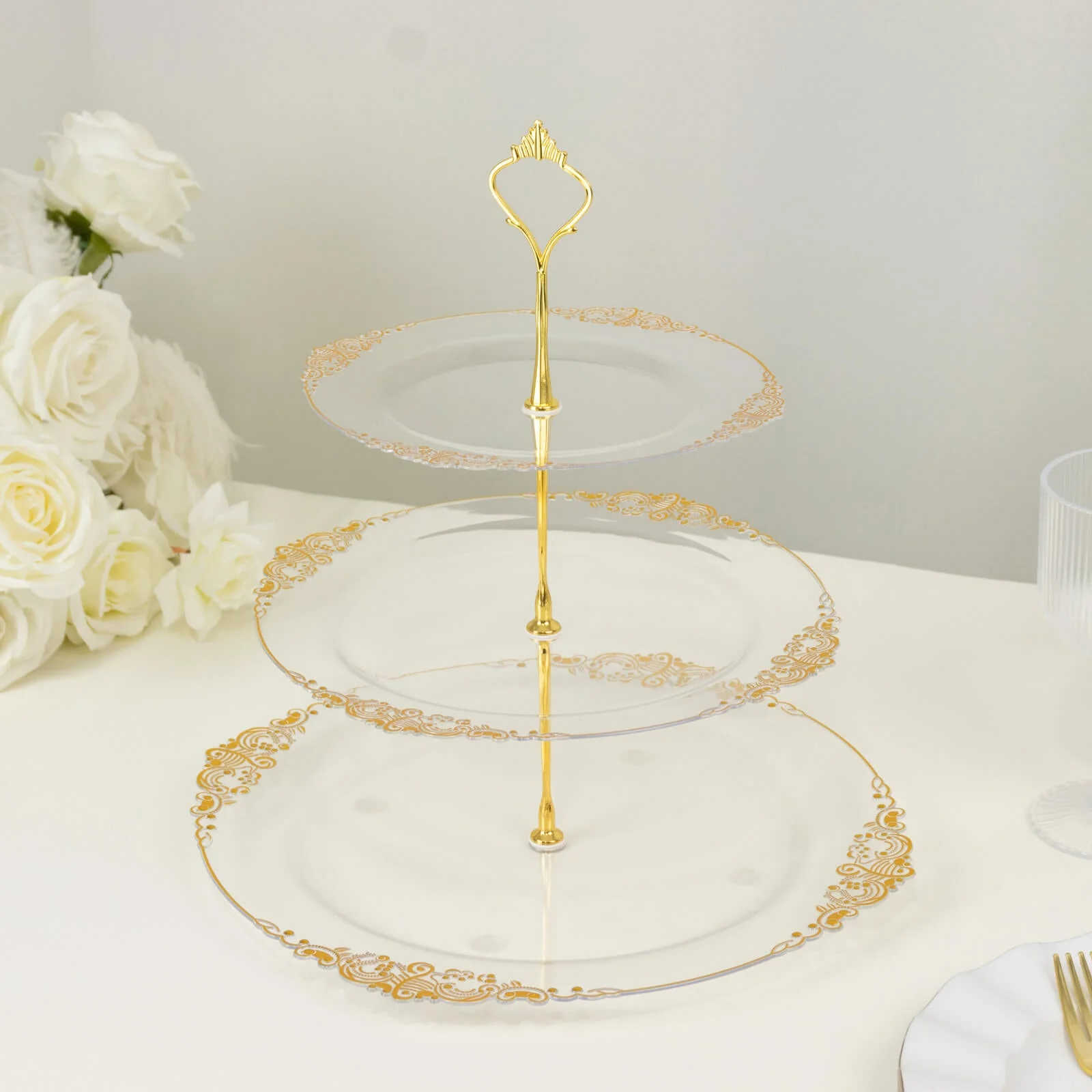 3-Tier Clear Plastic Cupcake Stand Holder with Gold Embossed Baroque Rim, Round Cake Dessert Display Stand Tiered Serving Tray with Top Handle - 13" - Image 4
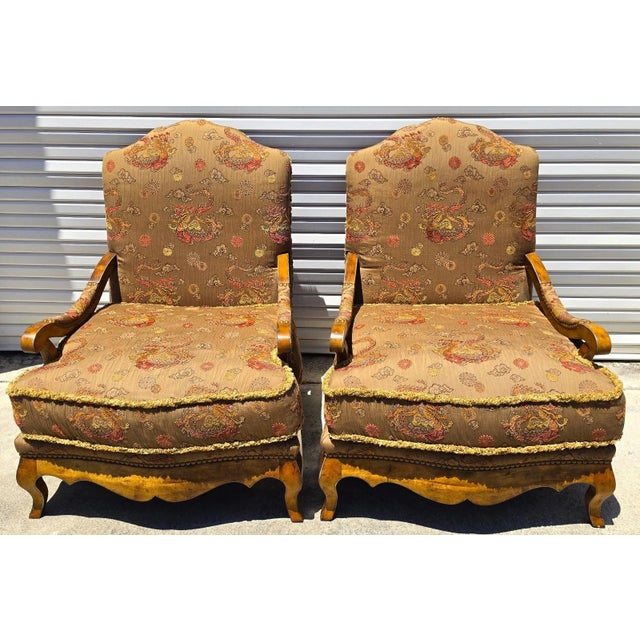 French Bergère Armchairs Chinoiserie Fabric Down Cushions by Classics Furniture For Sale - Image 10 of 15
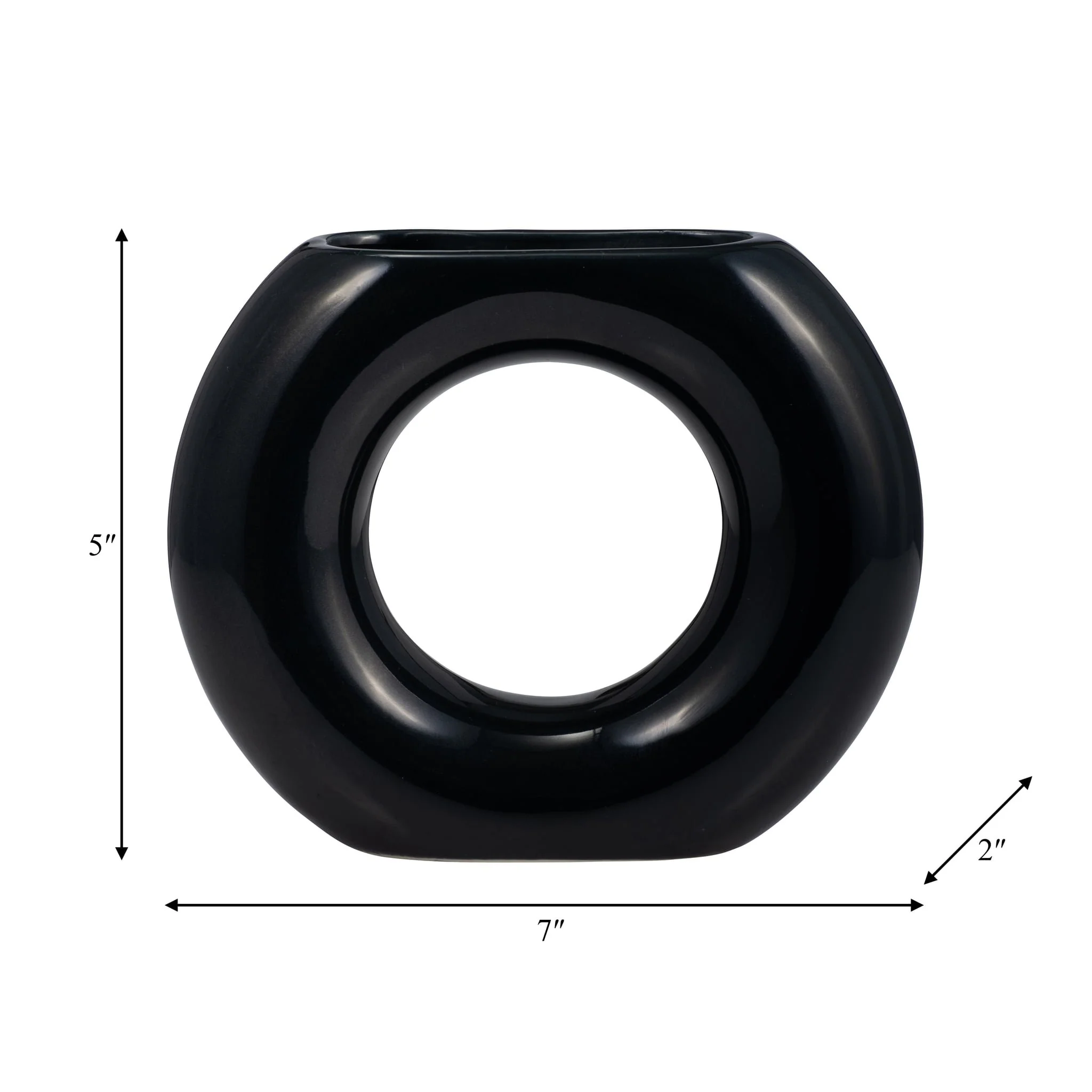Cer, 5" Donut Vase, Navy - Image 8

_ _ _ _

The listing above must be retyped word for word, without the pictures.

 3-Tier Clear Plastic Cupcake Stand Holder with Gold Embossed Baroque Rim, Round Cake Dessert Display Stand Tiered Serving Tray with Top Handle - 13" - Image 4
 French Bergère Armchairs Chinoiserie Fabric Down Cushions by Classics Furniture For Sale - Image 10 of 15
Cer, 5" Donut Vase, Navy - Image 8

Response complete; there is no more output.